Back in September, our paper “From Data Quality for AI to AI for Data Quality: A Systematic Review of Tools for AI-Augmented Data Quality Management in Data Warehouses” was presented at the BIR Business Informatics Research Conference (BIR) in my hometown, Riga.
The paper, authored by my former student Heidi Carolina Tamm (now DW Lead Designer at Swedbank Estonia) and myself, explores a central question: can AI do more than just consume high-quality data—can it actively create and maintain it?


From “Data Quality for AI” to “Data Quality for AI & AI for Data Quality Management”
High-quality data underpins analytics, AI performance, and regulatory compliance, yet DQ management remains complex, resource-intensive, and often manual. With global data projected to reach 175 zettabytes by 2025, poor DQ carries real business costs—up to 19% of companies report customer loss due to inaccurate or incomplete data.
Traditionally, data quality (DQ) management focuses on ensuring AI has reliable, clean data. We propose a complementary perspective: using AI itself to enhance and automate data quality management. This is particularly relevant for enterprise data warehouses (DWs), which remain central despite the growth of decentralized and domain-driven architectures.
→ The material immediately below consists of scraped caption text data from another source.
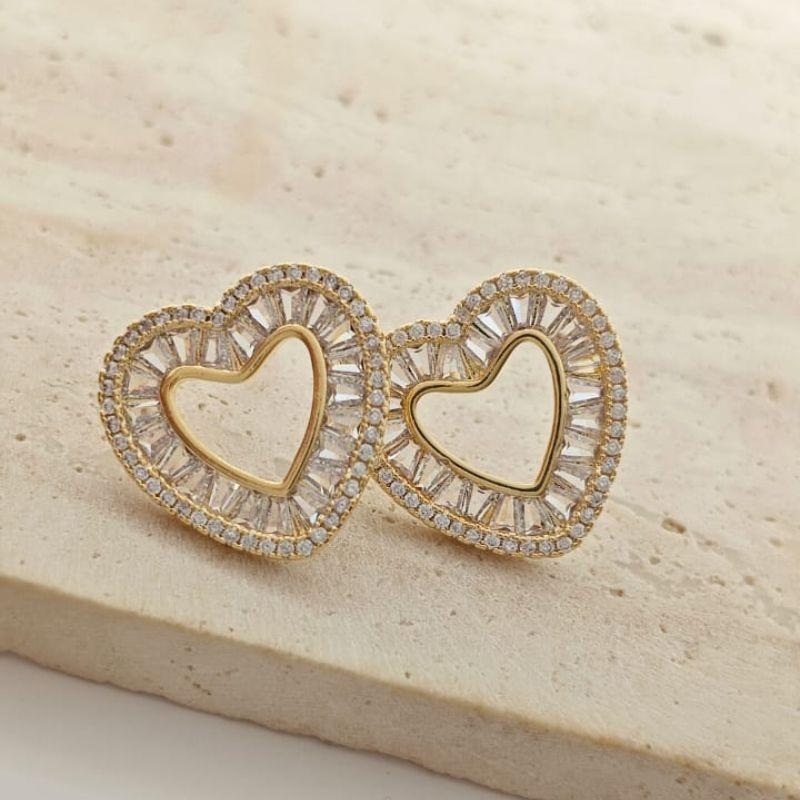 brinco coração cravejado e vazado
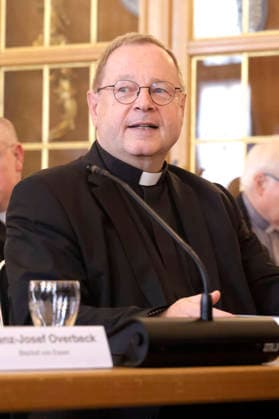 Georg Bätzing beim Fototermin zum Auftakt der Herbst-Vollversammlung der Deutschen Bischofskonferenz im Sitzungssal vom Maritim Hotel. Fulda, 28.09.2026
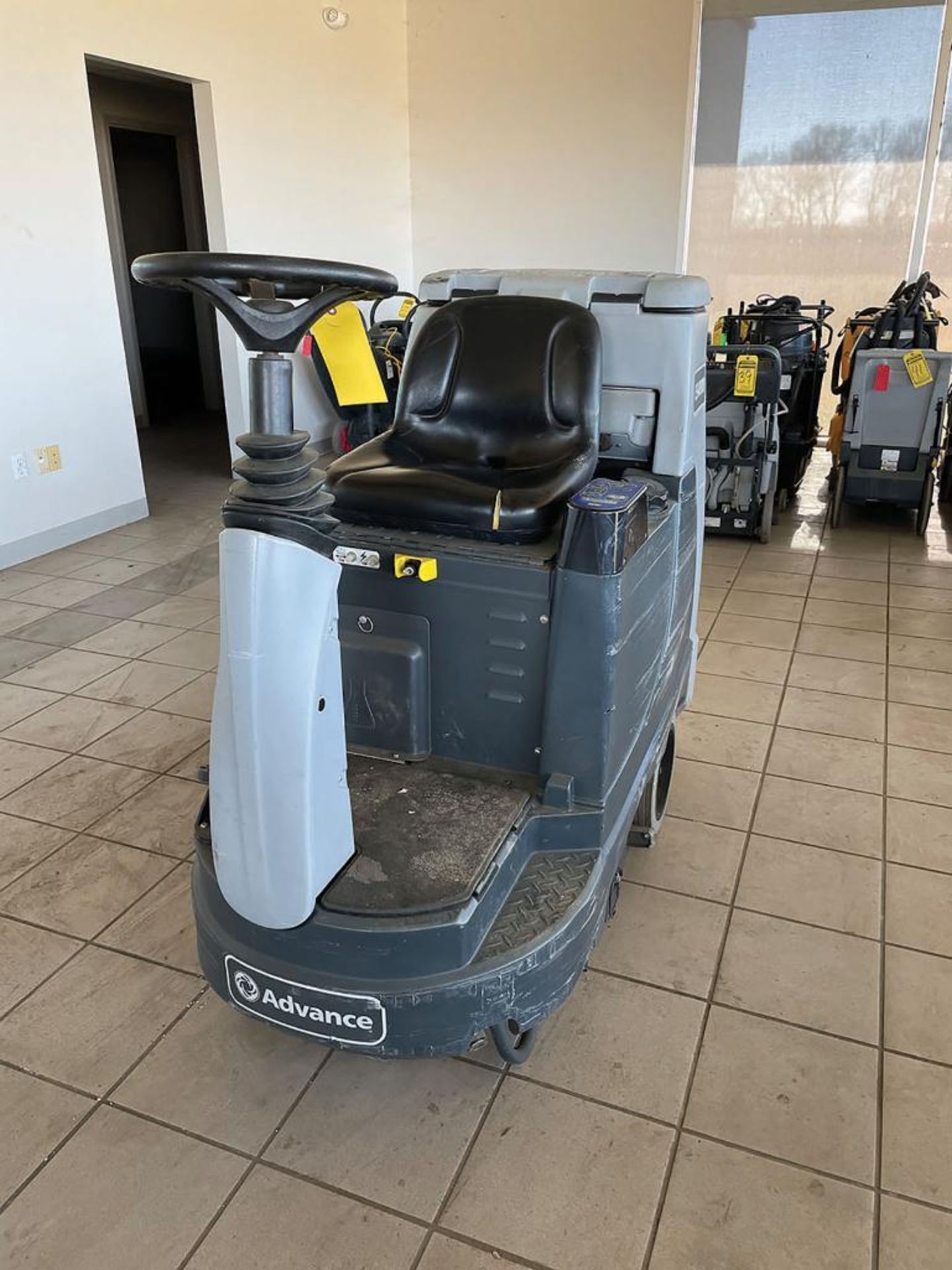 2016 ADVANCE RIDE-ON FLOOR SCRUBBER, MODEL: ES4000, S/N: N4000095933, 24-VOLT, WEIGHT: 1,447-LBS., - Image 2 of 5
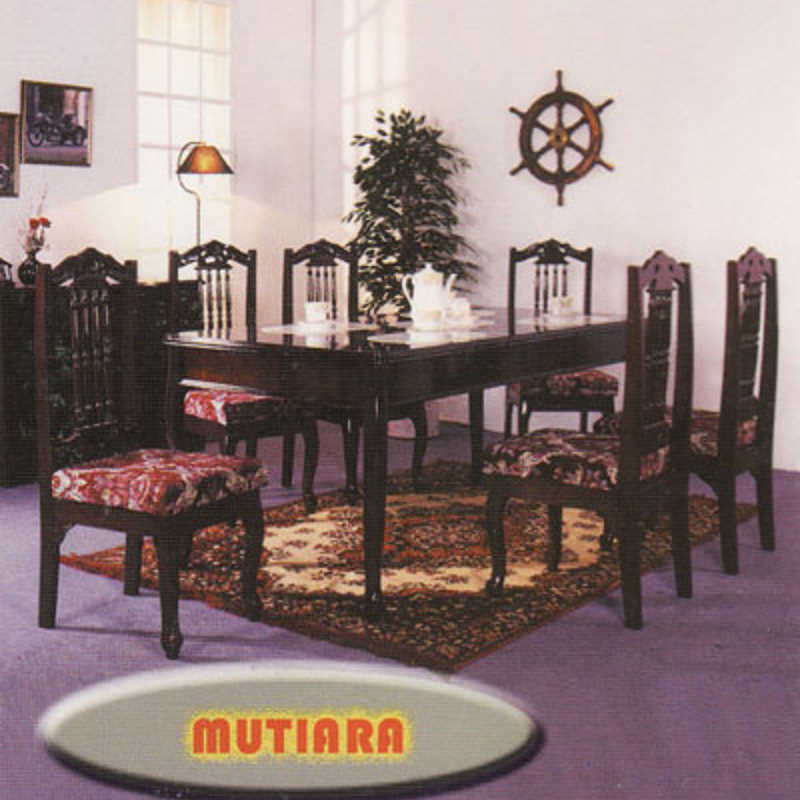 Mutiara Dining Table Set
To this end, we systematically reviewed 151 DQ tools, evaluating their support for AI-augmented DQM, particularly automation of rule detection and anomaly identification. Key findings:
- only 10 tools fully support AI-augmented DQM in data warehouses;
- most tools focus on data cleansing rather than leveraging AI for rule discovery or explainable quality improvements;
- metadata + rule-based + ML hybrid approaches show promise but remain underutilized;
- SQL and natural language rule definitions are rarely supported, yet essential for practical use;
- explainable AI and governance features are critical for trust;
- cloud scalability with GDPR compliance is a must for enterprise adoption.
For organizations, AI-driven DQM goes beyond cleaning and profiling, enabling detection, enforcement, and explanation of data quality issues. This leads to better compliance, efficiency, and trust in enterprise data ecosystems.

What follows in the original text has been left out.